The International Adult Literacy Survey (IALS) was a seven-country initiative—including Canada—first conducted in 1994. The idea was to create a comparative adult literacy rate for adults aged 16 to 65. Second and third waves of data were collected for 16 additional countries in 1996 and 1998, leading to a data set for 23 countries. Bermuda, Canada, Italy, Norway, Switzerland, the United States, and the Mexican State of Nuevo Leon participated in another survey, the Adult Literacy and Life Skills Survey (ALLS) in 2003. The varying participation in the IALS and ALLS surveys means our comparison is based on the most recent test for each country. For most, this is the IALS survey, but for Canada, Norway, Switzerland, and the United States, the results are from the ALLS survey.

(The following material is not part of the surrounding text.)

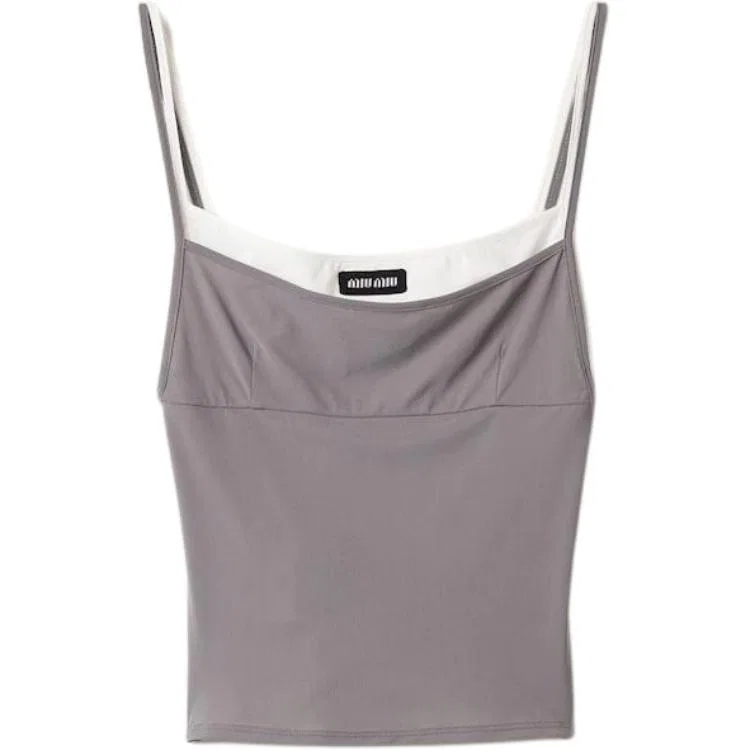 Женская майка-камисоль с принтом Steel Gray, MIU MIU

Three categories of literacy were tested:
An average of the results from these three literacy categories is used in the Conference Board’s ranking system.
Participants’ skills were rated on a continuous scale from level 1 to level 5. Those at levels 4 and 5 had high literacy skills, and were able to integrate several sources of information or solve more complex problems. One of the most difficult tasks on the quantitative scale required participants to use a table providing nutritional analysis of food to determine the percentage of calories in a Big Mac that comes from total fat.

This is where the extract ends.